Des dossiers et des messages. Visa, relations avec la France, mémoire, essais nucléaires, langue française en Algérie, Maroc, Russie, Sahel, Hirak, terrorisme et islamisme… Dans un entretien accordé au journal français, Le Figaro, le président de la République Abdelamdjid Tebboune, n’a éludé aucun sujet. Outre le fait d’avoir révélé qu’il se rendrait cette année en France en visite d’Etat, le Président Tebboune «savoure» le retour du rétablissement du flux habituel des visas par la France. «C’est simplement dans la logique des choses», a-t-il souligné précisant qu’il y a «une spécificité algérienne» qui a été négociée lors des Accords d’Évian et qu’il convient de «respecter».
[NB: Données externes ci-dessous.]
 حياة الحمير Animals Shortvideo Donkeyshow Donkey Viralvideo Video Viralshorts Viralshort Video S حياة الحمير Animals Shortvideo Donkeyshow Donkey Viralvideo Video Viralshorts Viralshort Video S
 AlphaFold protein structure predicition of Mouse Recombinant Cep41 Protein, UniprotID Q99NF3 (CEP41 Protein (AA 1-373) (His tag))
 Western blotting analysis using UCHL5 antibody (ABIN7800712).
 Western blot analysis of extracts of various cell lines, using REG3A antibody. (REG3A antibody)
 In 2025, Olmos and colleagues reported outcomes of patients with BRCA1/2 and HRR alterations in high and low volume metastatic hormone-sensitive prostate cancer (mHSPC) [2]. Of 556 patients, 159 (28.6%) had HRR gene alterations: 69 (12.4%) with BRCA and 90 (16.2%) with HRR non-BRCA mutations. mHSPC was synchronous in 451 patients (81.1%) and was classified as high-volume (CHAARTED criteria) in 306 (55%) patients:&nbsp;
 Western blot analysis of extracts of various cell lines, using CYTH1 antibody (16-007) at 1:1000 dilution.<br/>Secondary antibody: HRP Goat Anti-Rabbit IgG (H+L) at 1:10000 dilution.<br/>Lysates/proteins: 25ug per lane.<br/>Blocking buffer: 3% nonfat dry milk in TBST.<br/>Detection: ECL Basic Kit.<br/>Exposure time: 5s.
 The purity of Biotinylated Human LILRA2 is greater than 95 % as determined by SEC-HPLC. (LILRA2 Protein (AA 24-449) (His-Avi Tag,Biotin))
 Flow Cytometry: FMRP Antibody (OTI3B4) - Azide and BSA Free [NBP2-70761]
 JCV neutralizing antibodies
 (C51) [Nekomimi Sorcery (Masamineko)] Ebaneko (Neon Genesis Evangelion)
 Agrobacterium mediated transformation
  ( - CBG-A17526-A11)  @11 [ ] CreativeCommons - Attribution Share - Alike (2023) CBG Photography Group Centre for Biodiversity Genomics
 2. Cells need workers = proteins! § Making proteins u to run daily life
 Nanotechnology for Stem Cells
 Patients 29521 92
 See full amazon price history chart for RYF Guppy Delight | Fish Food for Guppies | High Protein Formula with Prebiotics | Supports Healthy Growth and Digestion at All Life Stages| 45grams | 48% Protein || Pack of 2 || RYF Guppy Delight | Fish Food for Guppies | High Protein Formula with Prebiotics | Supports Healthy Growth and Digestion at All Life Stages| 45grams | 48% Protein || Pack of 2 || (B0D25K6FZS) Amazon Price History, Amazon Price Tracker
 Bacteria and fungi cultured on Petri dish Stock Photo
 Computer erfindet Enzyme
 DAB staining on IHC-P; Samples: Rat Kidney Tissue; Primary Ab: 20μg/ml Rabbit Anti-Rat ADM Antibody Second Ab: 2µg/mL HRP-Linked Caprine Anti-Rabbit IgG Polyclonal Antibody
«Le volume des laissez-passer consulaires a augmenté, mais ce n’est pas le nombre qui compte, c’est le respect des principes», a-t-il dit avant d’enchérir : «Les Algériens devraient avoir des visas d’une durée de 132 ans», en référence au temps de la colonisation française en Algérie. «Ce serait un échange de bons procédés», a-t-il ajouté tout en rejetant le terme d‘«indésirable» frappant les Algériens soumis à l’obligation de quitter le territoire français. «Le terme indésirable est déjà discutable. Ceci, car il désigne des gens qui n’ont pas tous le même statut», a-t-il expliqué tout en soulignant que «la radicalité n’est pas algérienne». D’autant note-t-il que «le terrorisme est derrière nous et ne représente plus un danger politique pour l’Algérie, même s’il subsiste quelques reliquats». Des dossiers qui devraient être abordés lors de la visite d’Etat qu’il effectuera en France cette année. Un déplacement déjà historique à bien des égards… Un déplacement au cours duquel il aura des entretiens avec son homologue français Emmanuel Macron. Un déplacement important pour les deux pays qui partagent des partenariats stratégiques du fait que de gros dossiers économiques et politiques seront sur la table, mais également une rencontre avec la diaspora algérienne.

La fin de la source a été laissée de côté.